Immagino lei sia contrario all’emendamento Costa. Perché?
Sono contrario perché realizza l’embargo dell’informazione giudiziaria. E questo va in danno dei cittadini che non sapranno più perché una persona è privata della libertà personale e della magistratura che si vuole parli soltanto con i suoi provvedimenti; in questo modo quest'ultima non potrà fare neanche questo e quindi sarà esposta alla narrazione partigiana degli indagati eccellenti e della politica faziosa che racconteranno le cose come pare a loro. In fin dei conti in danno della democrazia che si basa sulla trasparenza e sul controllo diffuso dell’attività pubblica affinché i cittadini possano esercitare nei confronti della giustizia, dell’amministrazione e della politica il loro giudizio critico, evidenziando gli eventuali errori e criticando quando avvengono le cadute professionali.
Quando ho partecipato questa sua tesi, Costa ha sorriso perché sostiene che nessun giornale si preoccupa dell’indagato: non sono persone in carne ed ossa ma notizie.
Ricordo a Costa che nella cosiddetta Repubblica popolare cinese il processo è segreto come anche la condanna e l’espiazione della pena. I cittadini semplicemente spariscono dalla circolazione e si viene a sapere che sono nelle mani dello Stato. Mi meraviglio che un sincero garantista come Costa non percepisca la differenza che si basa tutta sulla trasparenza dell’azione giudiziaria e il pieno accesso di tutti alle motivazioni per le quali un cittadino è privato della libertà.
Lei non crede che comunque non sia sano, anzi eccessivamente osmotico, il rapporto tra procure e stampa e questo emendamento serva a spezzare questo cordone?
Quello di cui non si parla mai è il rapporto tra l’avvocatura e la stampa. Molti cronisti giudiziari potrebbero testimoniare, salvo riservatezze delle fonti, come la maggior parte dei provvedimenti giudiziari, ed in particolare le motivazioni delle misure cautelari, vengano diffuse dai legali. E questo normalmente avviene per veicolare con maggior forza la tesi difensiva da loro sostenuta attraverso gli organi di informazione. Questo, insieme alla patologia di una eccessiva mediatizzazione delle indagini da parte di alcuni pm, contribuisce alla distorsione dell’informazione giudiziaria, che pure è un problema. Ma la cattiva informazione si combatte con la buona informazione e non con nessuna informazione.
Però il suo giudizio potrebbe essere di parte.
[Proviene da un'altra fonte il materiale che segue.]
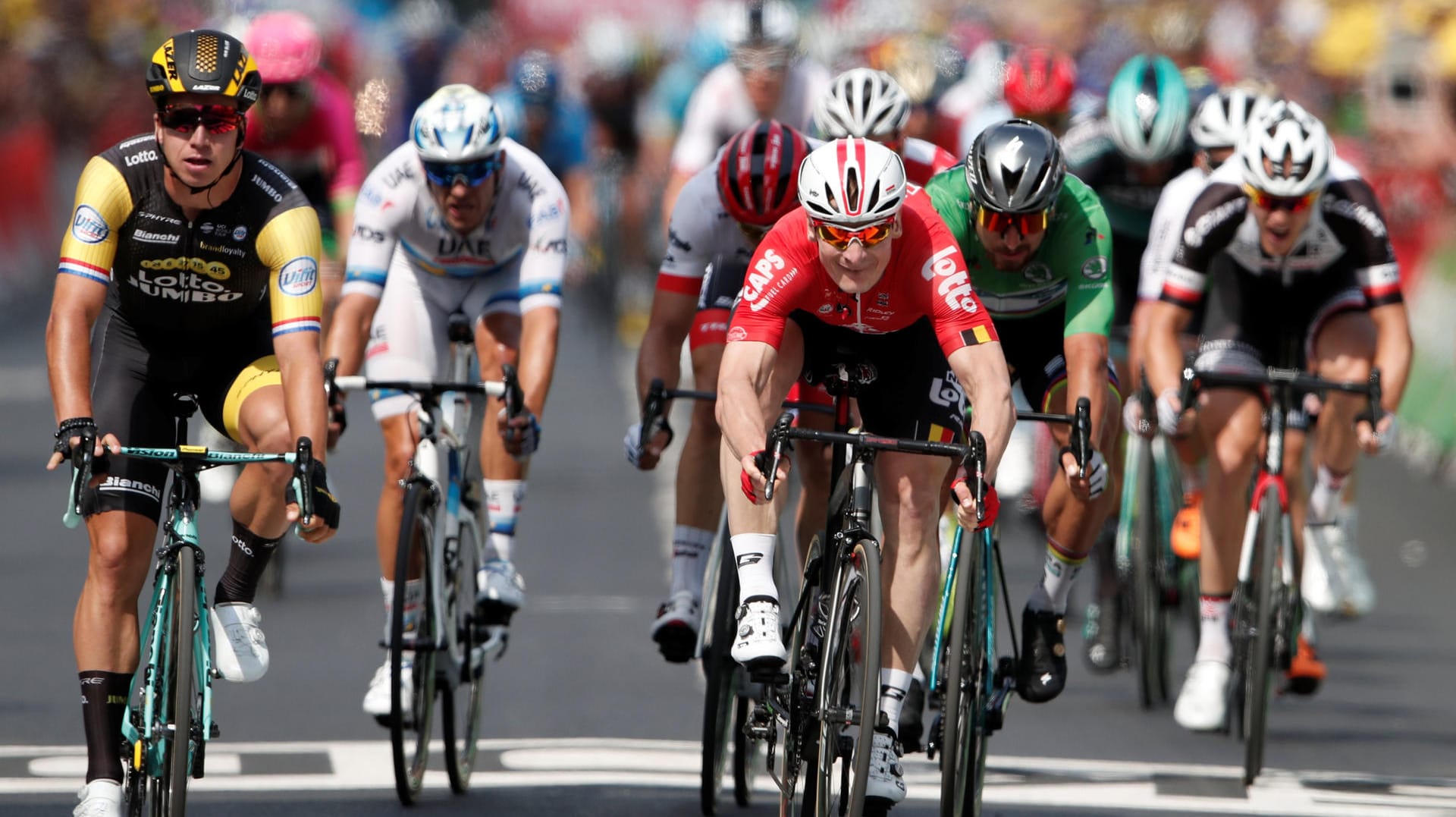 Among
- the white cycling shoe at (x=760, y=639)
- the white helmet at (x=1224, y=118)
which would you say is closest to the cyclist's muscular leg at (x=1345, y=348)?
the white helmet at (x=1224, y=118)

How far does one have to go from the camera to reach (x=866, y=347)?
7.58m

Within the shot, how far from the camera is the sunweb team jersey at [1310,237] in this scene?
30.8 ft

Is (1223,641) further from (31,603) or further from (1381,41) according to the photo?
(1381,41)

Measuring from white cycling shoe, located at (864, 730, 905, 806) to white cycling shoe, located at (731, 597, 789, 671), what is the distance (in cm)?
34

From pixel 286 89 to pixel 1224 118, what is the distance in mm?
4312

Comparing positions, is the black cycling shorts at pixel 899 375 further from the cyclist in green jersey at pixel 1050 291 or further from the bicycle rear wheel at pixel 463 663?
the bicycle rear wheel at pixel 463 663

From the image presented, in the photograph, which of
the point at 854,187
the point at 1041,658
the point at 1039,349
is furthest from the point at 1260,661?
the point at 854,187

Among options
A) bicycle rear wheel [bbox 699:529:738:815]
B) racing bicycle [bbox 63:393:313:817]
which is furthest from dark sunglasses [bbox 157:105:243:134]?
bicycle rear wheel [bbox 699:529:738:815]

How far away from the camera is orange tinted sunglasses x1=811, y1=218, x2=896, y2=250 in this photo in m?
7.05

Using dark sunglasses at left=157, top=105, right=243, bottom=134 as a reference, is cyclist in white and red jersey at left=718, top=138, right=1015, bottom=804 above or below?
below

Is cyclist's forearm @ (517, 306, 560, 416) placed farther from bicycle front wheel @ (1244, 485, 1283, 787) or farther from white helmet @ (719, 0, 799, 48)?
white helmet @ (719, 0, 799, 48)

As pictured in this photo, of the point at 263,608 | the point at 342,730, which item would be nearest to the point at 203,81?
the point at 342,730

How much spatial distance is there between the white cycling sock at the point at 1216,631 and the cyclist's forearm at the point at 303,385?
12.4 feet

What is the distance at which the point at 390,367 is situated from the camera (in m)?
9.41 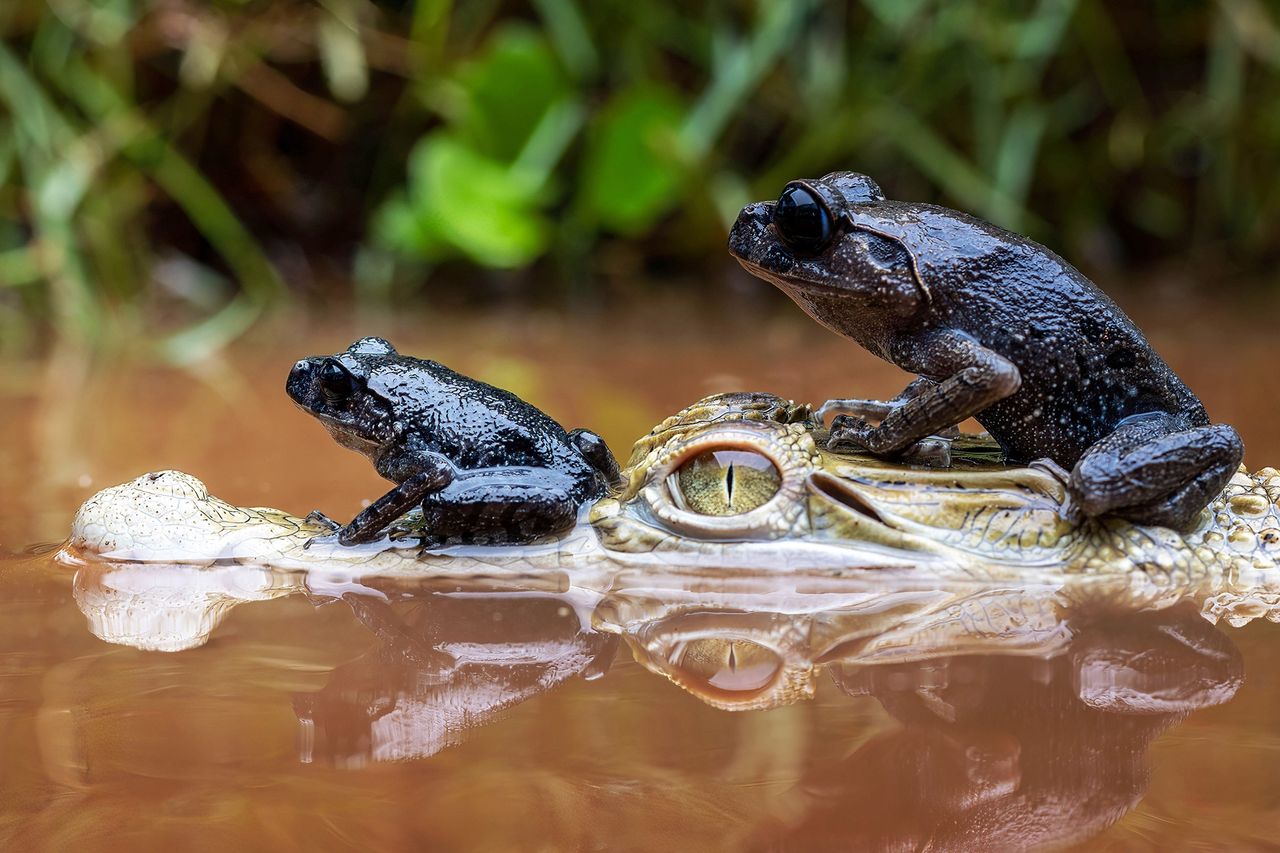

Lei è un pm e come sostiene Costa, siccome vi hanno tolto il giochino delle conferenze stampa, avete bisogno delle ordinanze di custodia cautelare per fare marketing giudiziario.
Una cosa è certa: le direttive europee non prevedono questo tipo di misure e anche la restrizione imposta alla comunicazione giudiziaria dalla legge sulla presunzione di innocenza travalica abbondantemente i parametri europei. Questi invece prevedono un giusto bilanciamento tra una diffusa, capillare e dettagliata informazione giudiziaria e il contestuale rispetto del principio di non colpevolezza. Lo dice diffusamente Glauco Giostra in un recente articolo. A me sembra che Costa riveli con queste espressioni una tensione al conflitto tra tifoserie opposte che a me non appartiene.
Chi ha appoggiato l’emendamento Costa sostiene che si tornerà alla normativa ante 2017 e allora nessuno gridava al bavaglio.
Se mettiamo questa riforma insieme a quella sulla presunzione di innocenza emerge un quadro che in modo assolutamente consapevole vuole mettere in mano il monopolio dell’informazione giudiziaria agli indagati, ai loro difensori, alle rispettive tifoserie mediatiche ad alle strumentalizzazioni politiche. Una situazione nella quale il diritto di cronaca verrà orientato inevitabilmente in una unica direzione.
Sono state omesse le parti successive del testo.